Belli bir yaşın üzerinde olan vatandaşların bir çok ekonomik krizlere şahit oldukları olmuştur. Yüksek enflasyon, devalüasyon ve kuyrukları yaşamıştır. Helede şu kuyruklarda çokça çekmişliği görmüş ve omuzunda boş büyük tüp ile sabahın köründe kuyruğa girmişizdir. Yada 5 kg katı yağı aldığımızda emsalsiz bir sevinci yaşamıştırız. İşte o zaman bunların fiyatlarını sormaya bile cesareti kendimizde bulmamıştırız.

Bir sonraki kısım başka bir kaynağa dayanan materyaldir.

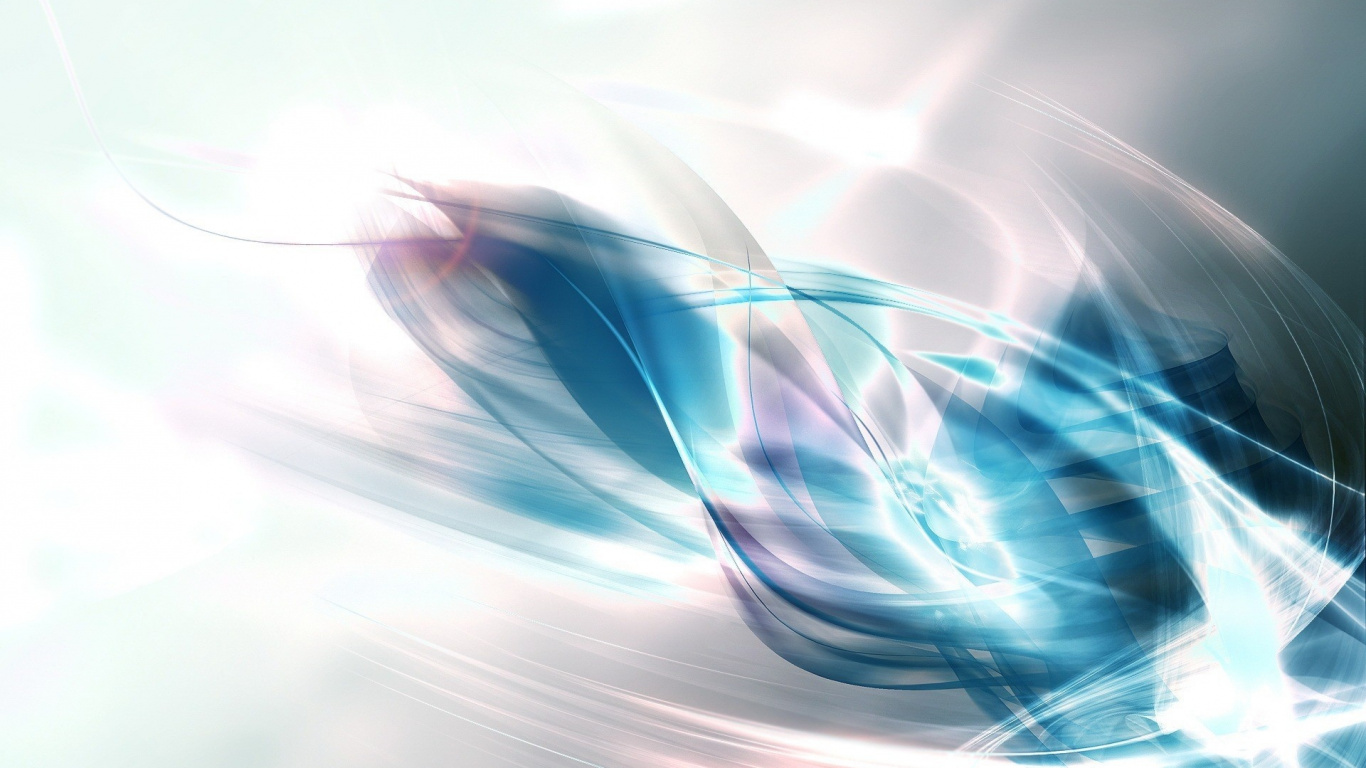 Blaues Und Weißes Licht Digitale Tapete. Wallpaper in 1366x768 Resolution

İçinde bulunduğumuz şu dönemlerde ne yazık ki ekonomik sıkıntılarımız mevcuttur. Şükürler olsun ki her ne kadar yokluk ve kıtlık yok ise de, fiyat artışları olmuş ve halende devam etmektedir. Tabi bu fiyat artışlarının bir çok nedenleri vardır ve bu nedenlere dayanarak malların mamullerin, yarı mamullerin ve gıda maddelerinin fiyatları artmakta ise de bir çoğuda durmak bilmez tüketim sonucu oluşan arz/talep dengesinin talep lehine bozulması sonucu; Arz edenlerinde bunu fırsata çevirme istek ve duygularının da hiç şüphesiz olumsuz etkisi olmaktadır.
Piyasanın her sahasında ki ürünlerde aşırı fiyat artışları sürerken bir konu dikkatimi çekiyor. Yazılı ve görsel basının özellikle kira artışından şikayeti, hep ön planda tutuyor. Evet doğrudur. Bu kira artışları da olumsuz bir etki yapıyor piyasa da. Sadece bu mu? Neden bu ön planda tutulmaya çalışıyor acaba? Gayrimenkul fiyatlarının girdiler nedeniyle bu denli artması sonucu vardığı rakamlara bakıldığında kira miktarının tutarını da varın siz söyleyin.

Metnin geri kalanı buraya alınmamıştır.